GOP Presidential Primary

Perry at town hall: I’m ‘not afraid’ to call myself a climate change skeptic

Texas Gov. Rick Perry stood firm Friday when pressed by a New Hampshire man about his position on climate change, saying he is “not afraid” to call himself a climate skeptic.

“For us to take a snapshot in time and to say that what is going on in the country today, the climate change that is going on is man’s fault and we need to jeopardize America’s economy, I’m a skeptic about that…and I’m not afraid to say I’m a skeptic about that,” Perry told a crowd Friday night at a town hall meeting.

{mosads}A man, who identified himself as Mike, pressed Perry on his position on climate change, saying he “ducked a question” at a recent debate about which source of information he relies on to form his views on the subject.

“I’m ready for you this time,” Perry said in response to the question.

“Just within the last couple of weeks a renowned Nobel laureate also joined that chorus that is time after time, after information becomes available and they look at all the data and they basically say, ‘Those that want to take the position that global warming is man’s fault and it is incontrovertible.
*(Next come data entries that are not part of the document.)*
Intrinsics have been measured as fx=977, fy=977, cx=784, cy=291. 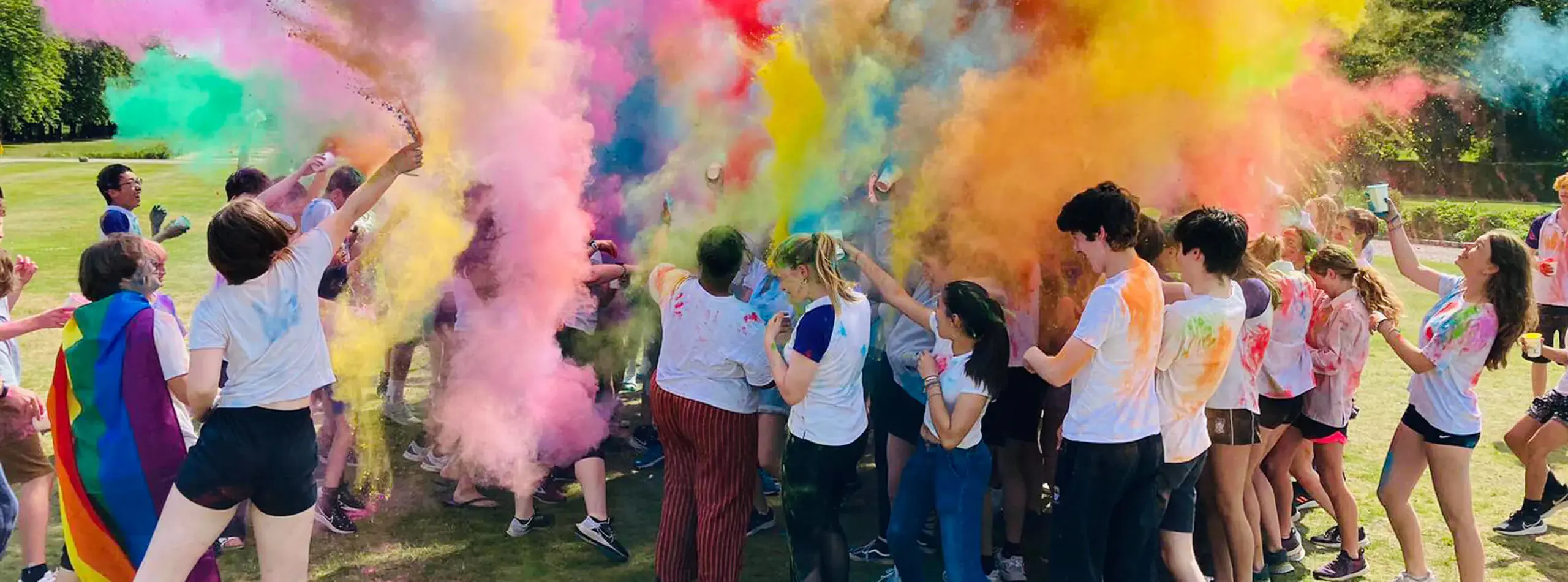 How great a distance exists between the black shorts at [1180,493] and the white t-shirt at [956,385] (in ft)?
2.34

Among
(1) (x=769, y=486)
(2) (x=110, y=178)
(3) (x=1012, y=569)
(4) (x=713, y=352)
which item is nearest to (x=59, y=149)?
(2) (x=110, y=178)

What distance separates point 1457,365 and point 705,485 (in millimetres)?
3163

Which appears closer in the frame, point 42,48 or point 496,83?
point 496,83

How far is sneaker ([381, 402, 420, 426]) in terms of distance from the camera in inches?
266

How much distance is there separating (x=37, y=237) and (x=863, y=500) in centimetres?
1573

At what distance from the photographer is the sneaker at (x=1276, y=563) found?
15.1ft

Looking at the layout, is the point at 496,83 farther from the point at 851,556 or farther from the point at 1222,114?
the point at 1222,114

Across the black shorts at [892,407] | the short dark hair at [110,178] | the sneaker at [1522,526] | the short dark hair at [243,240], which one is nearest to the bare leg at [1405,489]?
the sneaker at [1522,526]

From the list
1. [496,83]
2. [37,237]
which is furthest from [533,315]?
[37,237]

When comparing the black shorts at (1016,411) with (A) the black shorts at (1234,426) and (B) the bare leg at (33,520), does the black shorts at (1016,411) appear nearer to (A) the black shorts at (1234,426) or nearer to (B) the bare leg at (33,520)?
(A) the black shorts at (1234,426)

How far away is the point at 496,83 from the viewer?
4371 mm

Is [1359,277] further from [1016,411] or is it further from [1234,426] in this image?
[1016,411]

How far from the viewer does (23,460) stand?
4172mm

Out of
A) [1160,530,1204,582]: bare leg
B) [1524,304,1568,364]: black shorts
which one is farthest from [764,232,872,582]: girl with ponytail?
[1524,304,1568,364]: black shorts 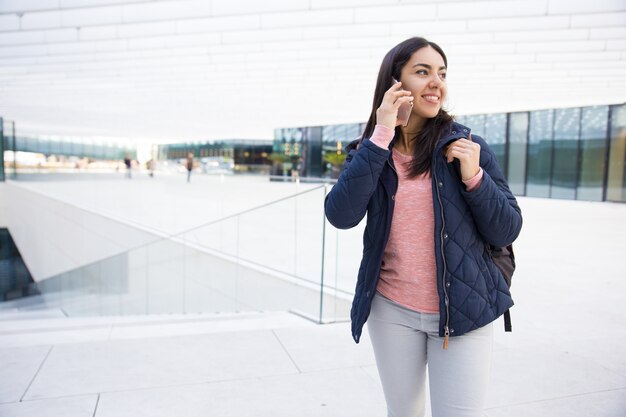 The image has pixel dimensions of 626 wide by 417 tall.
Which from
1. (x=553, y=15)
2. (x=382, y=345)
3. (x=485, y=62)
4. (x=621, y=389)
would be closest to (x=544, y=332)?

That is not correct.’”

Perry did not give the Nobel Laureate’s name, but the Los Angeles Times notes that he was referring to Ivar Giaever, a Norwegian physicist who won the Nobel Prize in 1973. Giaever left the American Physical Society after it made a statement that climate change is occurring, the Times reported.

The vast majority of the world’s scientists say climate change is occurring and it is caused in large part due to human activity.

During the town hall, Perry spoke for several minutes about climate change. At one point, the man who asked about climate change interrupted Perry.

“Hold on I’ve got the mic here,” Perry said, cutting the man off. “You got your question and I’m going to answer and I’ll let you have a rebuttal.”

Perry has long raised questions about climate science and has bashed the Environmental Protection Agency, arguing its regulations kill jobs.

The EPA, he said at the New Hampshire town hall, will “just kill a bunch of jobs and not clean up the air at all.”

Perry said states should be responsible for writing and implementing their own pollution regulations.

“Allow the states to be flexible in how we do this and I assure you, those of us that actually breathe that air, and our children breath that air, we’ll make the right decisions,” Perry said. “We don’t need a centralized, all-knowing, size-fits-all, federal government telling us how to run our states, even when it comes to issue as important as air quality because we’re doing a good job in Texas.”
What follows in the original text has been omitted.